Image source, A Fikouras / University of St Andrews
Image caption,
Electron microscopy image of cells (purple) that are in the process of internalising the new nano-lasers (red) developed by researchers at the University of St Andrews

Scientists in Fife are investigating if tiny lasers could be used to better understand diseases such as cancer.

With a diameter of a thousandth of a millimetre, the lasers can be inserted into neurons or immune cells.

Once inside, they function as a beacon and can report back on the location of the cell and even the condition in it.

Currently, biologists use fluorescent dyes or proteins to track cell location but researchers said using the lasers was far more accurate.

Narrow obstacles

The team said the technology would allow them to follow individual cancer cells to understand when and how they become invasive.

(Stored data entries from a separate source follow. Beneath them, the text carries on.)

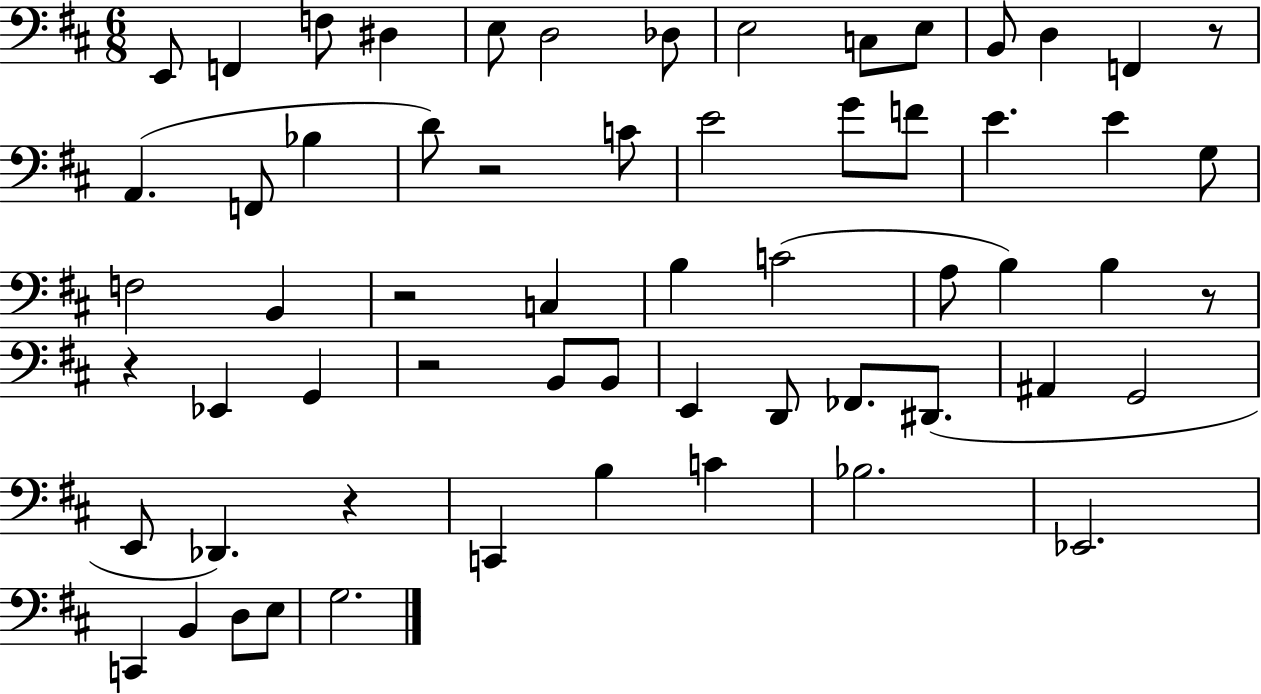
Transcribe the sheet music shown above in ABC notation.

X:1
T:Untitled
M:6/8
L:1/4
K:D
E,,/2 F,, F,/2 ^D, E,/2 D,2 _D,/2 E,2 C,/2 E,/2 B,,/2 D, F,, z/2 A,, F,,/2 _B, D/2 z2 C/2 E2 G/2 F/2 E E G,/2 F,2 B,, z2 C, B, C2 A,/2 B, B, z/2 z _E,, G,, z2 B,,/2 B,,/2 E,, D,,/2 _F,,/2 ^D,,/2 ^A,, G,,2 E,,/2 _D,, z C,, B, C _B,2 _E,,2 C,, B,, D,/2 E,/2 G,2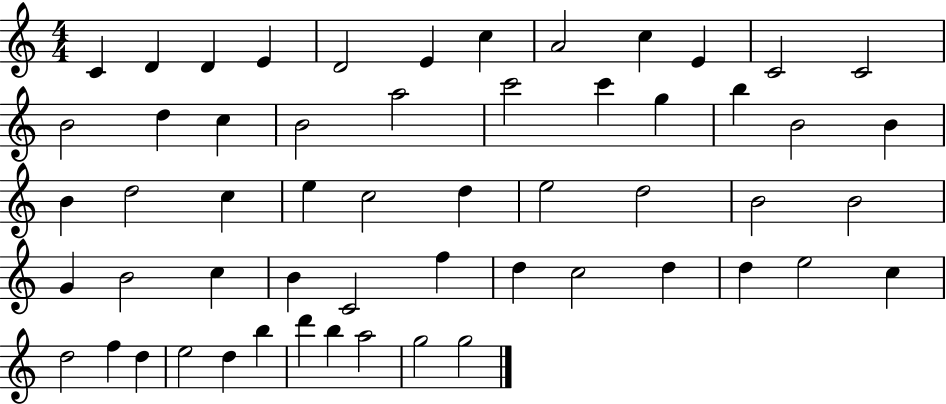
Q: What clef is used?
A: treble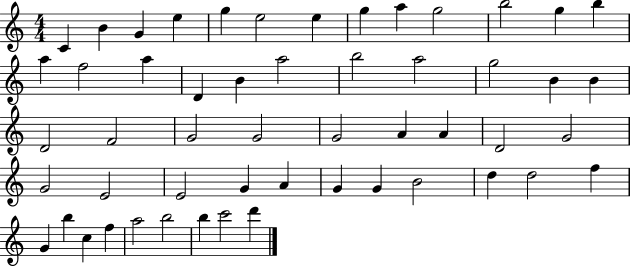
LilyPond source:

{
  \clef treble
  \numericTimeSignature
  \time 4/4
  \key c \major
  c'4 b'4 g'4 e''4 | g''4 e''2 e''4 | g''4 a''4 g''2 | b''2 g''4 b''4 | \break a''4 f''2 a''4 | d'4 b'4 a''2 | b''2 a''2 | g''2 b'4 b'4 | \break d'2 f'2 | g'2 g'2 | g'2 a'4 a'4 | d'2 g'2 | \break g'2 e'2 | e'2 g'4 a'4 | g'4 g'4 b'2 | d''4 d''2 f''4 | \break g'4 b''4 c''4 f''4 | a''2 b''2 | b''4 c'''2 d'''4 | \bar "|."
}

Dr Andrea Di Falco, of St Andrews University's school of physics and astronomy, who co-supervised the project, said: "Our work is enabled by sophisticated nanotechnology.

"A new nanofabrication facility here in St Andrews allows us to produce lasers that are among the smallest known to date.

"These internalised sensors follow the cells as they feed, interact with their neighbours and move through narrow obstacles, without conditioning their behaviour."

PhD student Alasdair Fikouras and Royal Society Fellow Dr Marcel Schubert, who jointly tested the new lasers, said: "The new lasers can help us study so many urgent questions in completely different ways than before.

"We can now follow individual cancer cells to understand when and how they become invasive. It's biology on the single cell level that makes it so powerful."